The motion light was on in the backyard and I cautioned the boys to keep the bedroom safe--no, no need to follow and protect me--and I would creep down the stairs and check out the disturbance. I got more than I bargained for.

Separating the blinds at the back door, I was amazed to see not one, but two, young raccoons playfully eating the outdoor cat's vituals and cavorting in her spilled water bowl. I knocked on the window. No response. I might as well not have existed. I opened the window and talked to them. Perhaps they were deaf. I beat on the window sill and finally got the response I was seeking: they scattered to a nearby tree and raced up to the fork of it.

Keep in mind, I LIVE DOWNTOWN. This is not the country. This isn't even the edge of town. This is a neighborhood lined with houses dating, as does mine, to almost 100 years ago. We are entrenched. And so, it would seem, is the wild life.

This is not my first rodeo where the raccoon population is concerned. Eleven years ago, I began a year-long mission of trapping one very nimble and smart raccoon. His little raccoon paws could open our magnetic cat door and he could toss such door halfway across the backyard while he waltzed into my kitchen and helped himself to the catfood. When I figured out what was causing all the ruckus with the food and water, I trapped him immediately. And he just as promptly escaped from it. Ten months later (but who's counting?) he became so bold as to come into the kitchen while I was eating breakfast.

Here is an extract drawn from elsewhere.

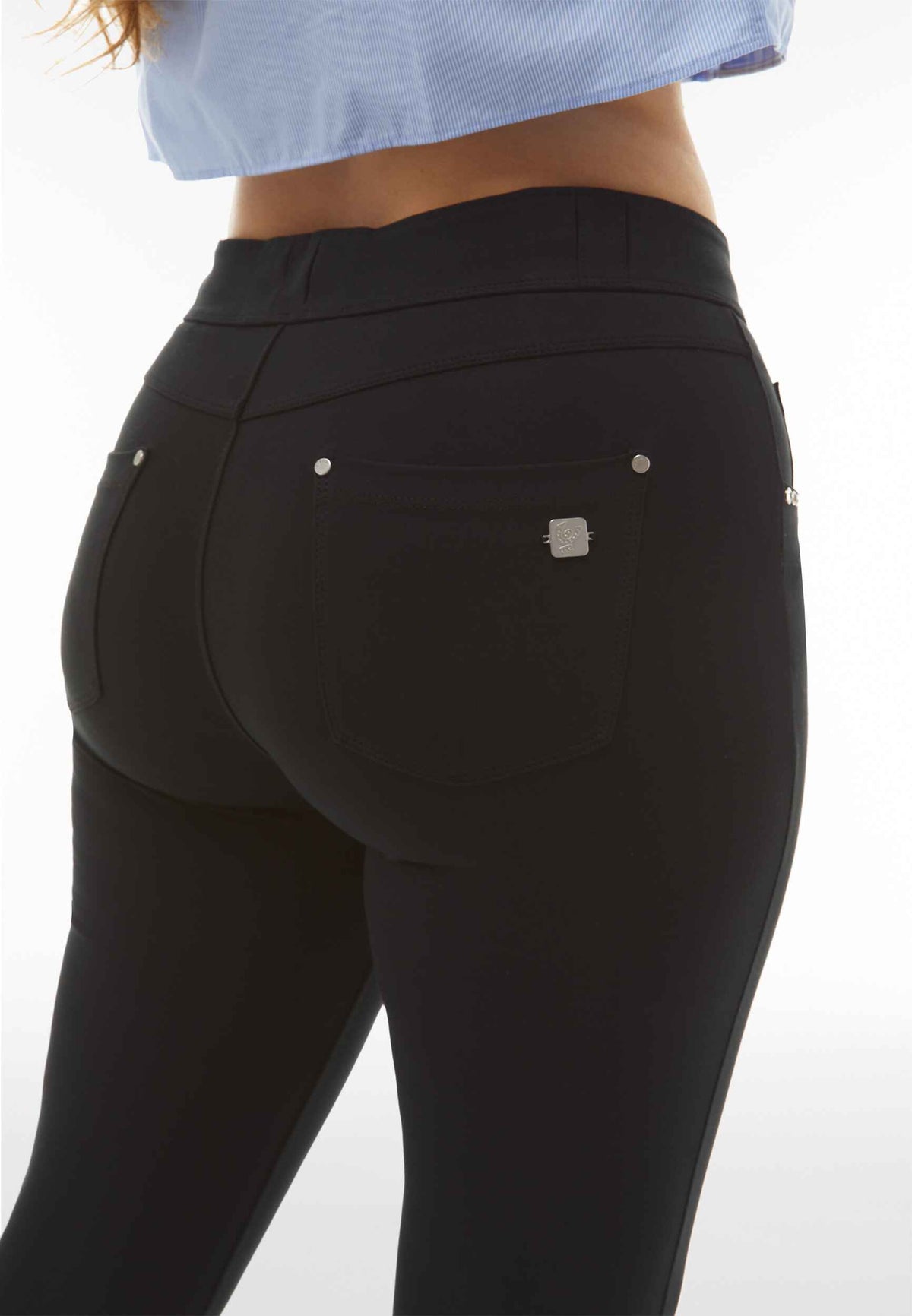 N.O.W Black 5 Pocket Skinny Trousers – Mid Rise, Full Length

It took three nights, and some contortions on my part, to tie a pork rib to both the top and bottom of a live trap before I outsmarted him. (The first night he got the rib without tripping the trap. The second night, when I was so clever I tied it in, he pulled the rib through the mesh and ate it, leaving the bone neatly on top.) We released him in the country, no doubt bolstering that population's clever raccoon quotient.

Within months of this, I also trapped three others, a mother and two babies. The latter really were too easy, but then, they had no business marauding around the charcoal grill when I was cooking!

It has since been raccoon-silent in my backyard until this summer. About a month ago, at dusk, I watched a very large fellow walk the perimeter of my fence and pass me by. Sometimes in the mornings, the cat's water bowl is dirt-filled or spilled. I knew they were back.

'Tis time they had a country home. I'll keep you up-to-date on how long it takes me to outsmart them.